Calling Matlab on a linux based Cluster: matlab sessions stops before m file is completly executed

i'm running a bash script that submits some pbs Jobs on a Linux based Cluster multiple times. each Submission calls Matlab, reads some data, performs calculations, and writes the results back to my Directory.

This process works fine without one exception. For some calculations the m-file starts, loads everything, than performs the calculation, but while printing the results to the stdout the Job terminates.

the log file of pbs Shows no error Messages, matlab Shows no error Messages.
the code runs perfectly on my Computer. I am out of ideas.

if anyone would have an idea what i could do, i would appreciate it.

thanks in advance

is there a possibility to force matlab to reach the end of file? may that help?

edit @18:00:
as requested in the comment below by HBHB here is the comment that Shows how matlab is called by an external *.sh file

#PBS -l nodes=1:ppn=2
#PBS -l pmem=1gb
#PBS -l mem=1gb
#PBS -l walltime=00:05:00
module load MATLAB/R2015b

matlab -nosplash -nodisplay -nojvm -r "addpath('./data/calc');myFunc("$a","$b"),quit()"

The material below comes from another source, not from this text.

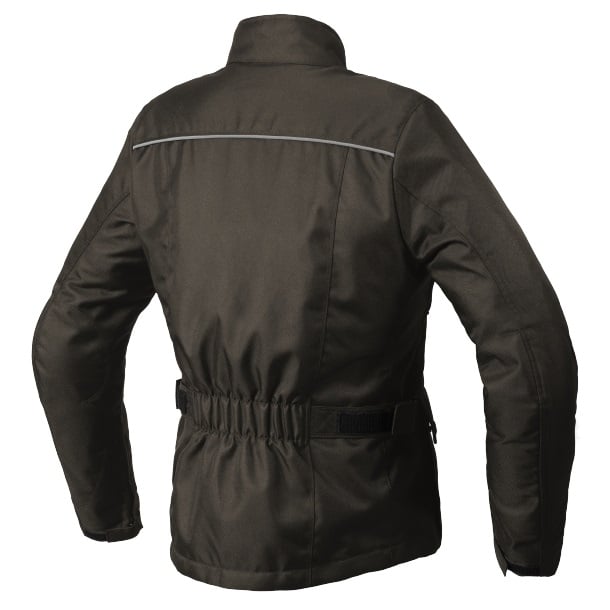 Spidi Originals Enduro Coffee Jacke Größe S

Where $a and $b Comes from a Loop within the caller bash file and ./data/calc Points to the Directory where myFunction is located

edit @18:34: if i perform the calculation manually than everything runs fine. so the given data is fine and seems to narrow down to pbs?

edit @21:27 i put an until Loop around the matlab call that checks if matlab Returns the desired data. if not, it should restart matlab again after some delay. but still. matlab stops after finished calulation while printing the result(some matrices) and even the Job finishes. the checking part of the restart will never be reached.

what i don't understand. the Job stays in the Queue, like i planned it with the small delay. so the sleep$w will be executed? but if I check the error files, it just shows me the frozen matlab in its first round, recognizable by i. here is that part of code. maybe you can help me

#w=w wait
until [[ -e ./temp/$b/As$a && -e ./temp/$b/Bs$a && -e ./temp/$b/Cs$a && -e ./temp/$b/lamb$a ]]
echo $i
matlab -nosplash -nodisplay -nojvm -r "addpath('./data/calc');myFunc("$a","$b"),quit()"
sleep $w

Answer Source

You are most likely choking your matlab process with limited memory. Your PBS file:

#PBS -l nodes=1:ppn=2 
#PBS -l pmem=1gb 
#PBS -l mem=1gb 
#PBS -l walltime=00:05:00

You are setting your physical memory to 1gb. Matlab without any files runs around 900MB of virtual memory. Try:

#PBS -l nodes=1:ppn=1
#PBS -l pvmem=5gb
#PBS -l walltime=00:05:00

Additionally, this is something you should contact your local system administrator for. Without system logs, I can't tell you for sure why your job is cutting short (but my guess is resource limits). As an SA of an HPC center, I can tell you that they would be able to tell you in about 5 minutes why your job is not working correctly. Additionally, different HPC centers utilize different PBS configurations. So mem might not even be recognized; this is something your local adminstrators can help you with much better then StackOverflow.